In what has become known in the media as “Shingate,” Shin Jeong-ah, a Dongguk art professor, forged a certificate from Yale to get a job at Dongguk in 2005.  After questions about her credentials arose, Dongguk sent a letter to Yale asking for authentication on a document that Shin provided, which bore the signature of a Yale official and stated that Shin had received a Ph.D. from Yale.  The document was a fake, but the Yale official whose name appeared in the document confirmed its authenticity, apparently without checking Yale records.

After more inquiries from Dongguk, Yale finally investigated and then announced in 2007 that Shin did not receive a degree from Yale.  It denied at first, however, about having received the first inquiry in 2005.  Yale did not acknowledge its mistake until later that year and issued a letter of apology.  Shin eventually resigned and was convicted of falsifying records and of embezzlement.

Gongguk then brought suit against Yale in the federal district court of Connecticut, claiming that Yale’s mistake and negligence had damaged Gongguk’s reputation and resulted in loss contributions. The court rejected Yale’s effort to dismiss the suit in June.

What caught my eyes about this lawsuit is not just the fact that Yale is my alma mater, but because the suit highlights an oft-overlooked function of our higher education institutions.  When we think about the role of a university, we often think of it as either “the producer of knowledge” or as the educator of its students (though, as I pointed out in previous posts, universities that actually produce knowledge are fairly rare).  We often forget a third and equally important social function of the university — evaluating our youths, judging their competence, sorting them into various categories, and stamping them with grades and a degree.

Admittedly, grades and degrees are not everything, and their importance in a person’s career decrease with time.  But they are not nothing.  For better or for worse, our society — employers, schools, consumers, and the general public — rely on information about a person’s educational history and performance in school as tools to judge someone’s intelligence and ability.  In many cases, such as in the case of Ms. Shin, these credentials are the prerequisite for receiving benefits and opportunities.

It seems remarkable then that this important social function of our universities are largely self-regulated.  There is some oversight for the admissions process — the freedom of a public university to admit and reject students is somewhat limited by racial discrimination laws.  (For private universities, the incentive against racial discrimination comes largely from requirements attached to receiving federal funding and the tax exemption status.)  But once students enter the college gates, the evaluative function of the university is largely unsupervised due to the academic abstention doctrine.  At least theoretically, a professor can grade papers by throwing them down the stairs and assign letter grades based on where the paper lands, and a student has no legal recourse if the university refuses to act.

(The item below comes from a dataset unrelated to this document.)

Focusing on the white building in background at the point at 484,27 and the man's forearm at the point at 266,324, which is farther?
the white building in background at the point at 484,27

The lack of legal recourses for students implies that the university has no legal duty towards them to provide a fair, impartial, and non-arbitrary evaluation process.  As a society, we trust the universities themselves to perform this self-regulation.  This trust — whatever its roots are — has deep roots in the legal community.  Lawsuits against schools over alleged unfair grading policies have been largely unsuccessful.

The Dongguk lawsuit challenges this notion from another angle.  At issue is not the responsibility of the university towards its students, but towards third parties who might rely on the university’s representation about its students (or, in this case, its non-student).  The logic, if extended, could create legal duties in other situations.  Could an employer prevail in a suit against a university for sloppy record-keeping that mistakenly identified a C-student as an A-student?  Could a scholarship committee prevail in a suit against a college or university after discovering that the high grades of an award recipient resulted from random or arbitrary grading practices?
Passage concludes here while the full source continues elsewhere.